BOONE — Women’s issues are highlighted in “Women’s Realties: A Series of Five Documentary Films in Celebration of Women’s History Month,” at Appalachian State University.

The five films address a variety of women’s issues and highlight the diversity in women’s lives.

The films will be shown Wednesdays in February and March at 7 p.m. in I.G. Greer Auditorium, and will be followed by a discussion with an invited guest.

All events are free and open to the public.

The series opens Feb. 21 with “Two Dollars and a Dream,” a biographical film about Madame C.J. Walker, the child of slaves, who became America’s first self-made female millionaire. The film features historic photos, interviews with those who worked for Madame Walker, and music by Duke Ellington and Cab Calloway.

Following the film, Dr. Trudier Harris, J. Carlyle Sitterson Professor of English at UNC-Chapel Hill, will lead a discussion.

“Love, Women, and Flowers,” which will be shown Feb. 28, depicts the story of

Colombia’s third largest export–cut flowers.

But behind the beauty of carnations and chrysanthemums sold in the United States and Europe lies a horror story of hazardous labor conditions for the 60,000 women who work in the flower industry. Cyndi Mellon, from the Center for Women’s Global Leadership at Rutgers University, will lead the discussion following the film. Mellon has traveled extensively in Colombia working with the women in the industry.

On March 7 the series will feature “Nu Shu: A Hidden Language of Women in China,” about the development of a secret female writing system in China that was a way for women to resist the social constrictions of Chinese Society. Dr. Cathy Silber, a professor of Chinese Studies at Williams College and a Bunting Fellow at Radcliffe College, will lead a discussion following the film.
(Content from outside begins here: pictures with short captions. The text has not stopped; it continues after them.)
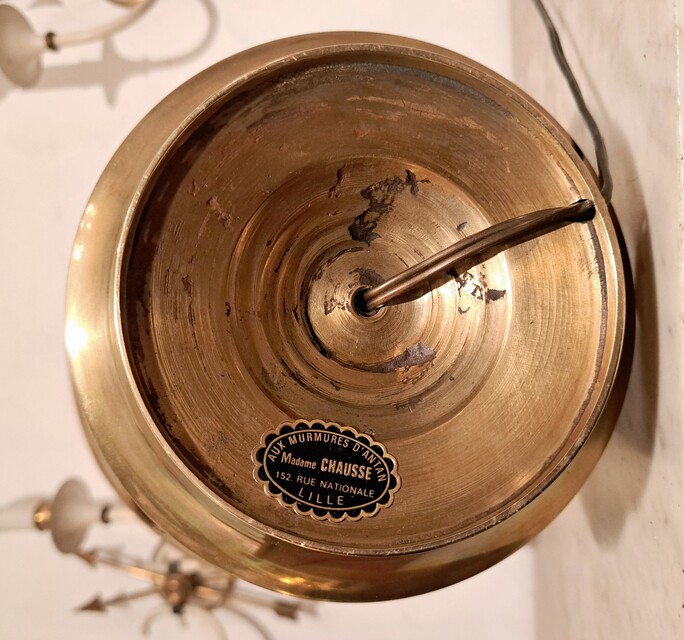 Empire style bouillotte lamp in gilt bronze and lacquered sheet metal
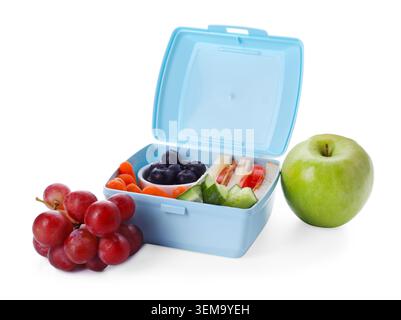 Lunchbox mit leckeren Speisen isoliert auf weiß Stockfoto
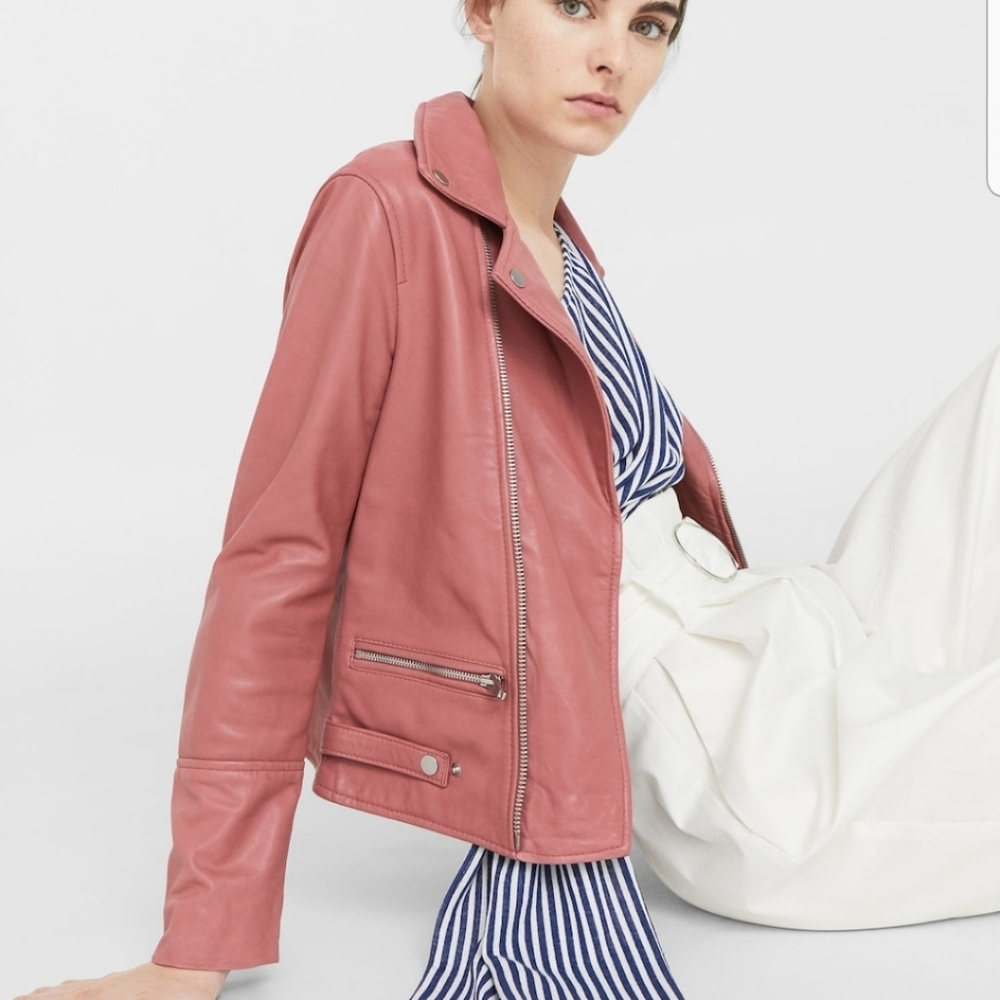 NWT Mango genuine leather biker jacket pink size S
Silber spent time in China interviewing women who still practiced Nu Shu writing. She is currently writing a book about her findings.

“Beauty and the Beach” will be shown on March 21.

Fun and social comment combine in this lively documentary on the history of women through the evolution of women’s swimwear styles. Joanne Arbuckle and Ellen Dobrovier, from New York’s Fashion Institute of Technology will lead discussion and offer insight after the film.

The series closes March 28 with “Step by Step: Building a Feminist Movement, 1941-1977.”

Proving beyond a doubt that feminism began well before the 1960s, and that its players were not just the white middle class, this inspiring film follows the lives of eight Wisconsin women, six of whom became founders of the National Organization for Women (NOW). A panel discussion with women who have been active in Watauga County’s feminist movement and Appalachian’s Women’s Studies program will follow. Following the panel discussion will be a reception kicking off the 25th anniversary celebration of ASU’s Women’s Studies Program.

The series is partially funded by a grant from the North Carolina Humanities Council, a state-based program of the National Endowment of the Humanities. Other sponsors include: Appalachian’s Women’s Studies Program, Humanities Council, Department of History, Department of Interdisciplinary Studies, School of Music, College of Education, College of Arts and Sciences, College of Business, College of Fine and Applied Arts, The Multicultural Center, Women’s Center, Belk Library, Department of Family and Consumer Sciences, Sustainable Development, Asian Studies Committee, Asian Student Association, and Latin American Studies Program.